もっとも、どんな空間も情報を内蔵しています。たとえば建築は、それを設計した建築家の設計思想やデザイン志向が織り込まれていますし、インテリアも、住宅であれ店舗であれ、オーナーの趣味や美意識が反映しています。
家に招かれたとき、インテリアを見ただけでその家がどんな価値観の持ち主なのかがわかりますよね。この意味でいえば、空間は例外なく情報を内蔵し、発信している。

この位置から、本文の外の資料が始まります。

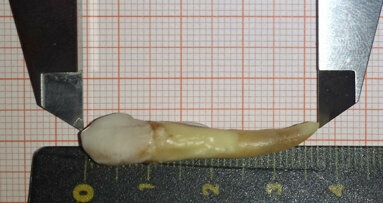New world record: German dentist extracts world’s longest human tooth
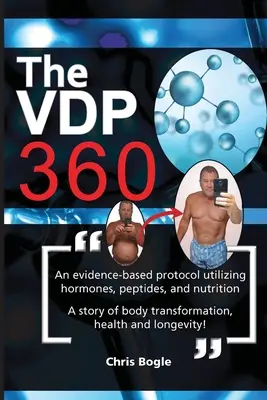 El VDP360 - The VDP360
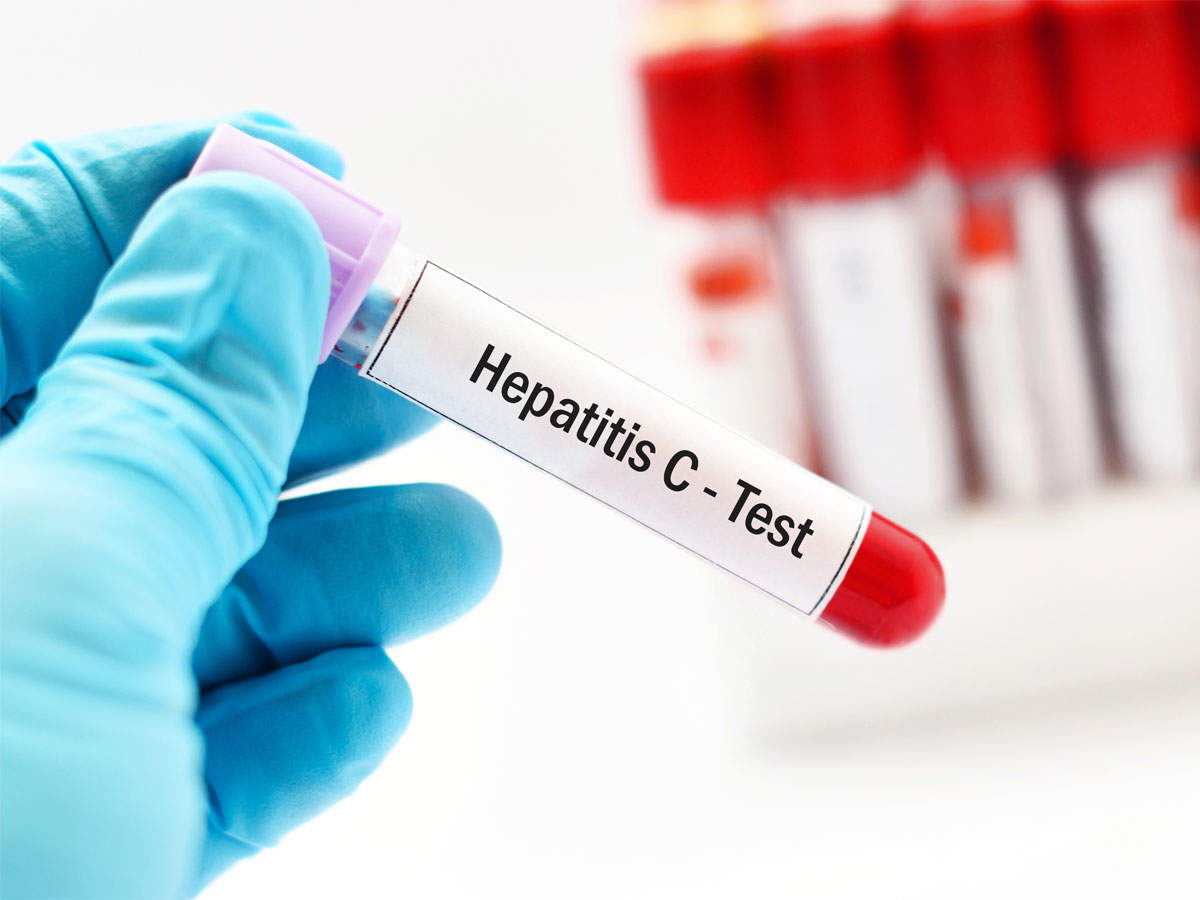 Global Hepatitis C Virus (HCV) Testing Industry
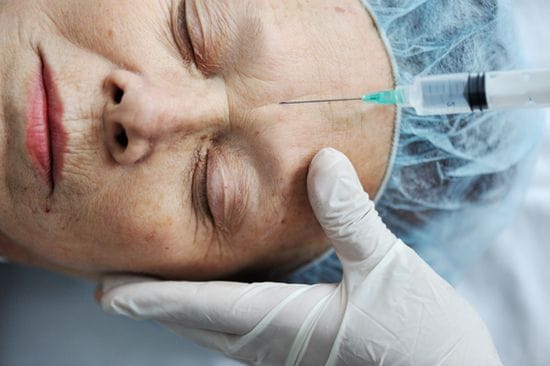 Thread Lift- an Alternative to The Fillers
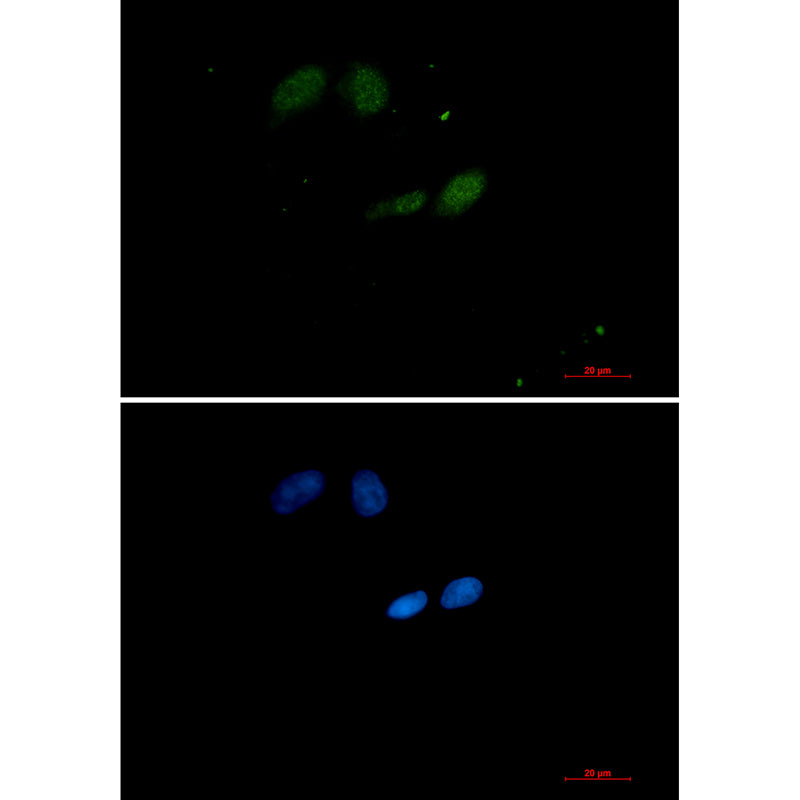 Anti-SUMO Conjugating Enzyme UBC9 Rabbit Monoclonal Antibody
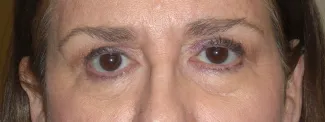 After Upper blepharoplasty surgery was done by Dr. Kavali to remove extra skin and fat from the eyelids.  A browlift would complete this transformation and lift the eyes even more.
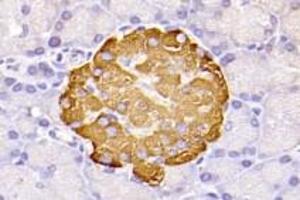 Immunohistochemistry analysis of paraffin-embedded mouse white fat using,GPR120 (ABIN7074942) at dilution of 1: 2000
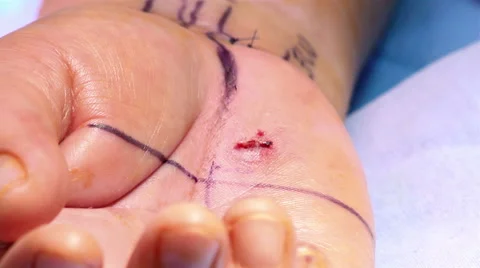 Mexico: CLOSE UP. Hands of surgeons working during a hand surgery. Stock Footage 48966909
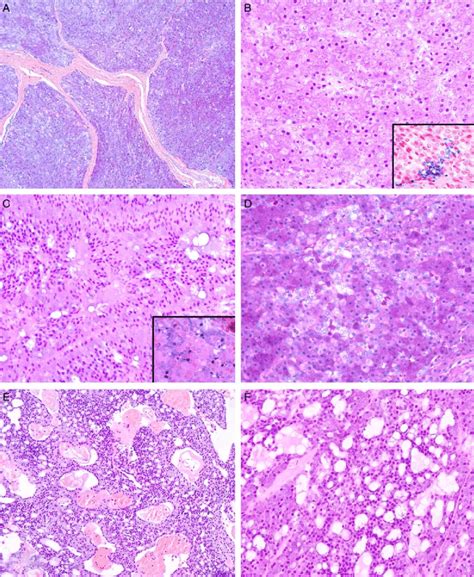 Histologic Spectrum Of Salivary Gland Acinic Cell Carcinoma With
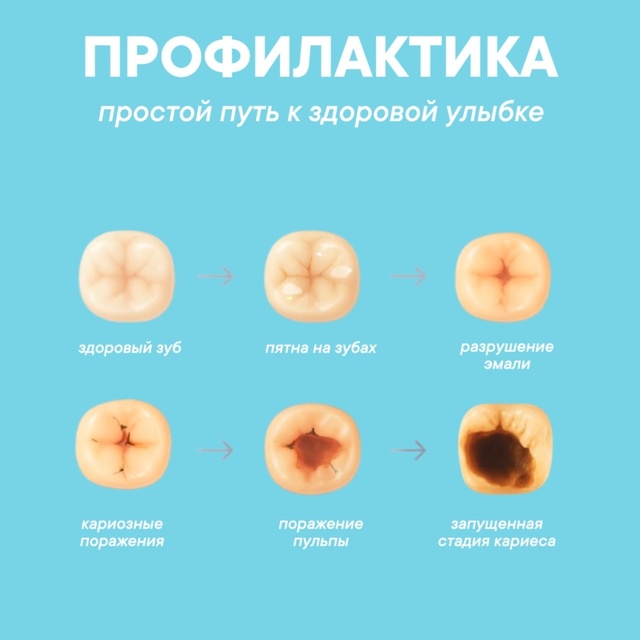 Профилактика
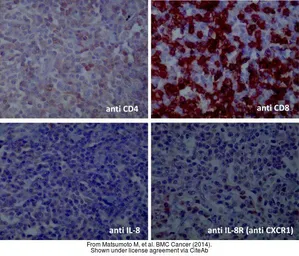 Anti-CD8 antibody [4B11] used in IHC (Frozen sections) (IHC-Fr). GTX75394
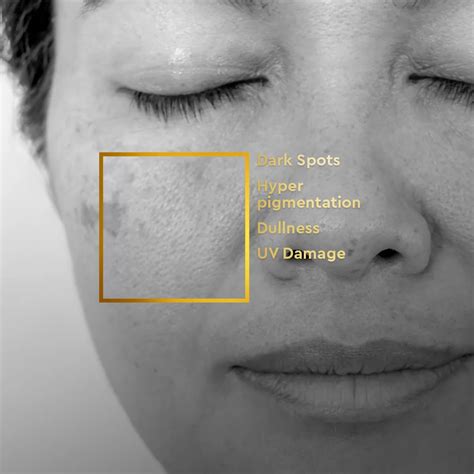 Buy Best Anti Pigmentation Regime - VLCC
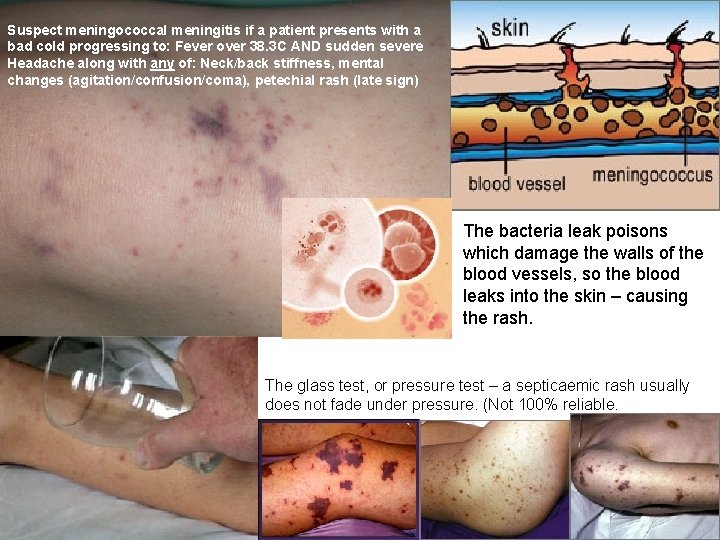 Suspect meningococcal meningitis if a patient presents with a bad cold progressing to: Fever Suspect meningococcal meningitis if a patient presents with a bad cold progressing to: Fever
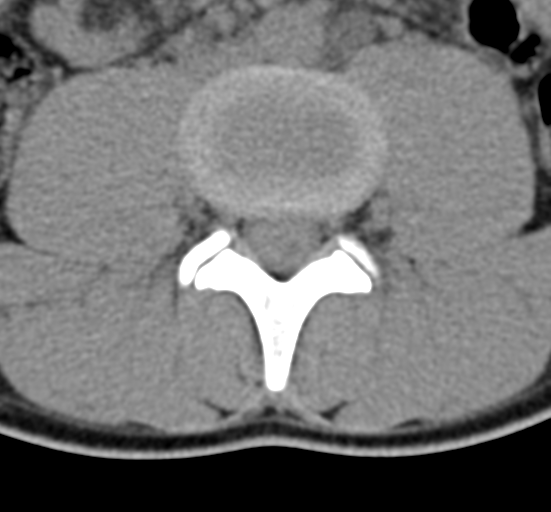 Clear cell meningoma - lumbar spine (Radiopaedia 60116-67691 Axial non-contrast 44).png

しかし、この講義が扱おうとする空間は、それとは少し意味が違います。一言でいえば「コミュニケーションを実現させようとの意志をもつ者が、その目的を達成するために戦術として用意する空間」、すなわち「コミュニケーションをミッションとして目的的につくられる空間」です。この種の特別な空間を、ぼくは「空間メディア」と呼んでいるわけです。
別に難しい話をしているわけではありません。ミュージアム、ショールーム、エギジビション、テーマパーク、ライブイベント……、これらはみんな空間メディアです。広い意味ではある種のショップやレストランなどを入れてもいいでしょう。
空間でコミュニケーションを行う際の基本原理とは?
どうすれば、リアルな空間を使いこなせる?
それをこれからお話していきます。メディアとしての空間をつくったり、活用したりする人が知っておかなければならない基本中の基本です。
なお、この講義では、便宜上、「空間というメディアを使って生み出される時空間=出来事」を総称して「イベント」と呼ぶことにします。だから、企業のショールームも、ミュージアムの展示空間も、すべてイベントという言葉で括ります。このワードを見たら、リアルな場として立ち現れた情報空間のことだと考えてください。